Should students be able to elect escorts for the royal court? 

That question caused a heated discussion during Monday night's Student Senate meeting. 

Trenton Kirksey, 20, a junior music student from Houston, proposed the bill. If passed, it will be an amendment to the constitution. 

Kirksey said the current system works fine but does not best serve the student body.

"The senators are more concerned with the voice of the in-crowd versus the feelings of the student body," said Kirksey, assistant to SGA President Gallop Franklin. 

According to the Royal Court Constitution, Mr. and Miss FAMU, a representative from SGA and the royal court adviser, select the five royal escorts. 

"I want the student body to have a voice," Kirksey said. 

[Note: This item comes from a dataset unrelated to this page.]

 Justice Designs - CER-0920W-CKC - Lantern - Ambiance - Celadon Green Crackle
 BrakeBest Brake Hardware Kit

Henry Kirby, associate vice president and dean of students, said the court serves the student body and their respective classes because their peers elect them. 

Escorts submit an application, interview with the panel, exhibit chivalry and have at least a 2.5 GPA.

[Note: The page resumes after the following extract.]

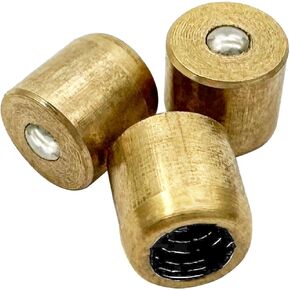 6x6mm Brass Push Button Grease Oil Cup,Brass Push Button Flange Grease Oil Cup,Ball Oiler for Ball Oiler Nipple Hit Miss Engine Motor Lathe Mill(20Pcs)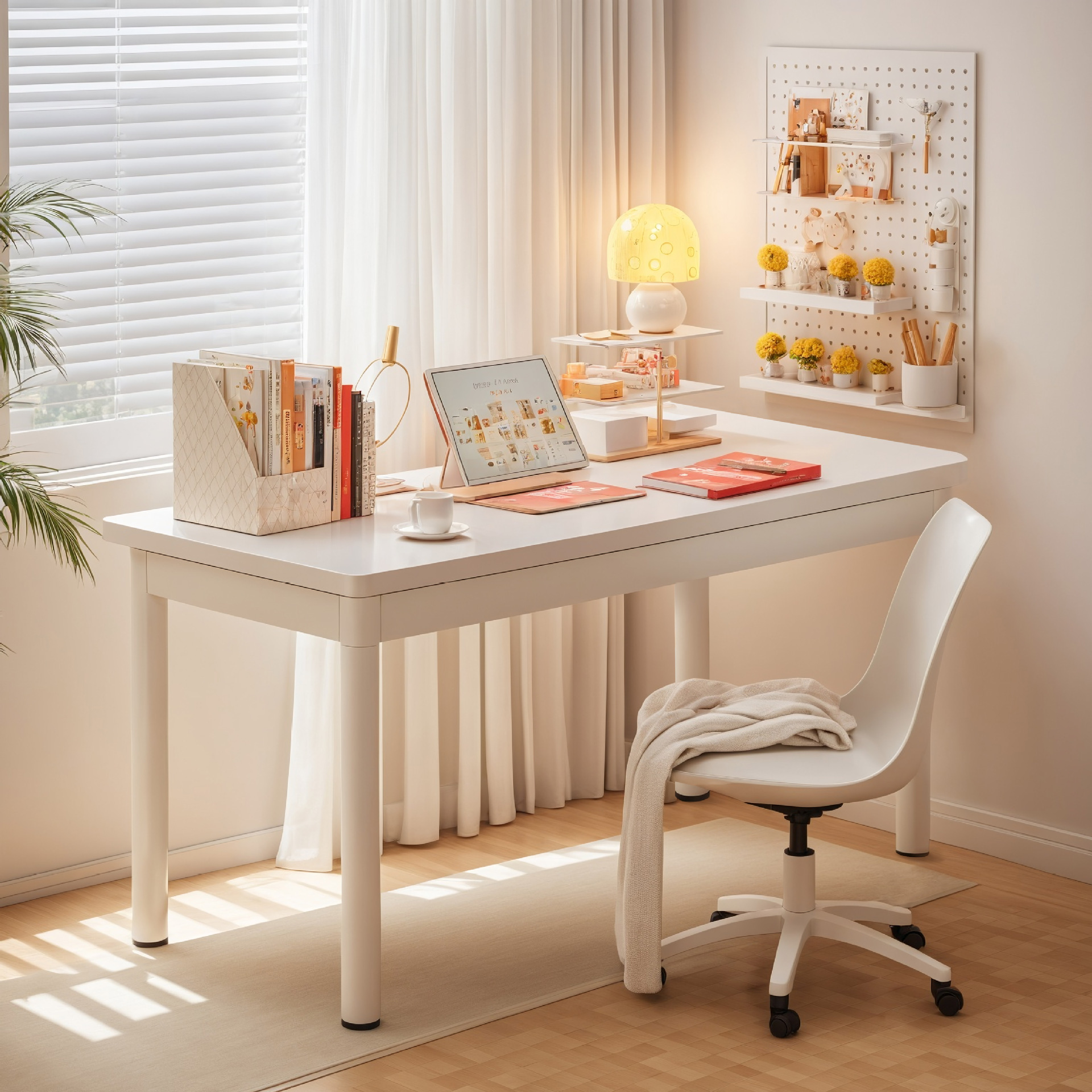 Escritorio Dormitorio Escritorio doméstico para niñas Escritorio de computadora de apartamento pequeño Escritorio de oficina Escritorio de estudio simple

Anthony Siders, 19, a sophomore political science student from New Orleans, supports students electing escorts.

"I believe we need a representation of each academic classification," said Siders, chairman of the Organization and Finance Committee.

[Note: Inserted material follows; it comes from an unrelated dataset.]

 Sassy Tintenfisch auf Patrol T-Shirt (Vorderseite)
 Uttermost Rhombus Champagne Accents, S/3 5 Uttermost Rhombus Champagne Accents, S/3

The duties of the escorts include following instructions of Mr. FAMU and royal court adviser and assisting Mr. FAMU with his chosen community service project.

Miss FAMU, Kindall "Sunshine" Johnson read a letter addressed to the Student Senate on behalf of current and former members of the royal court. 

"We believe the royal court has been successful in its purpose of recruitment and positive university representation due to its current structure and balance," the letter stated. 

Advisers support, train and prepare the escorts and attendants for the duties.

Allyson McNealy, royal court adviser, refused to comment.

"Advisers are not in a position to select escorts, but we can recommend them," said Edward Willis, royal court co-adviser.

Willis said it is not unusual for certain positions to be selected or elected. He explained that it is no different than how the president selects his vice president.

"Balance and harmony are the formula to a successful royal court," Johnson said. 

Monday the Student Senate is expected to vote on the bill at 6:30 p.m. in the Office of Student Activities.